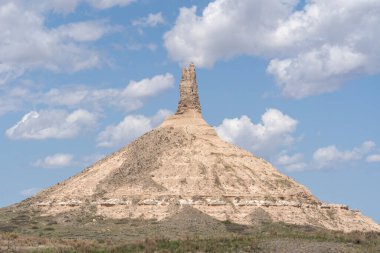 Morrill County 'deki Chimney Rock Ulusal Tarih Bölgesi, batı Nebraska, ABD, 8 Mayıs 2023. Baca Kayası önemli bir jeolojik kaya formasyonudur.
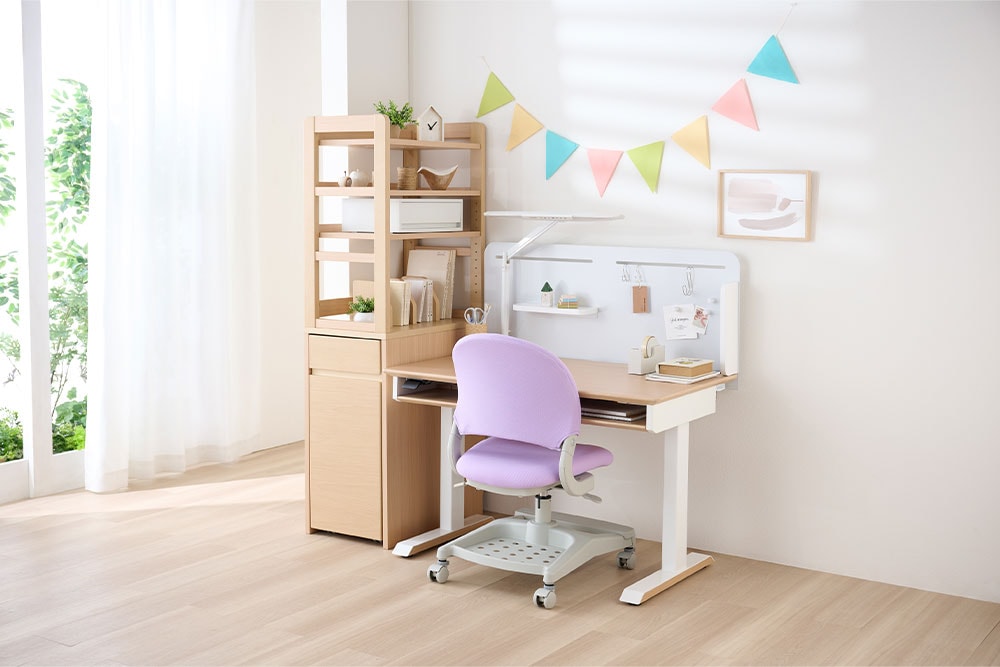HyBridChair ハイブリッドチェア | 木製と回転を融合した学習チェア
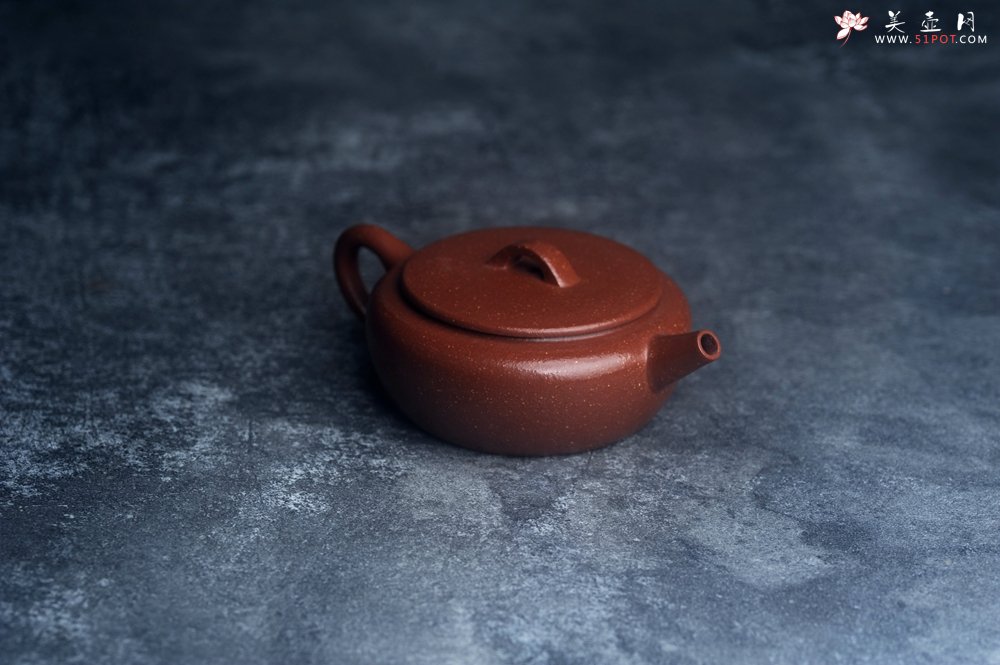 紫砂壶图片：美壶特惠 特好降坡泥玉扁壶 茶人醉爱 - 美壶网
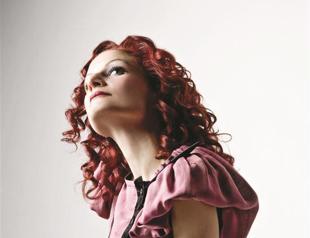 Jehan Barbur sings at Mask Club Live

########

Action item: Leaving the pictures out, transcribe word for word the lines from the one with "HyBridChair ハイブリッドチェア | 木製と回転を融合した学習チェア" to the end of the material above, inclusive, and nothing else.

Output of the task:
HyBridChair ハイブリッドチェア | 木製と回転を融合した学習チェア
 紫砂壶图片：美壶特惠 特好降坡泥玉扁壶 茶人醉爱 - 美壶网
 Jehan Barbur sings at Mask Club Live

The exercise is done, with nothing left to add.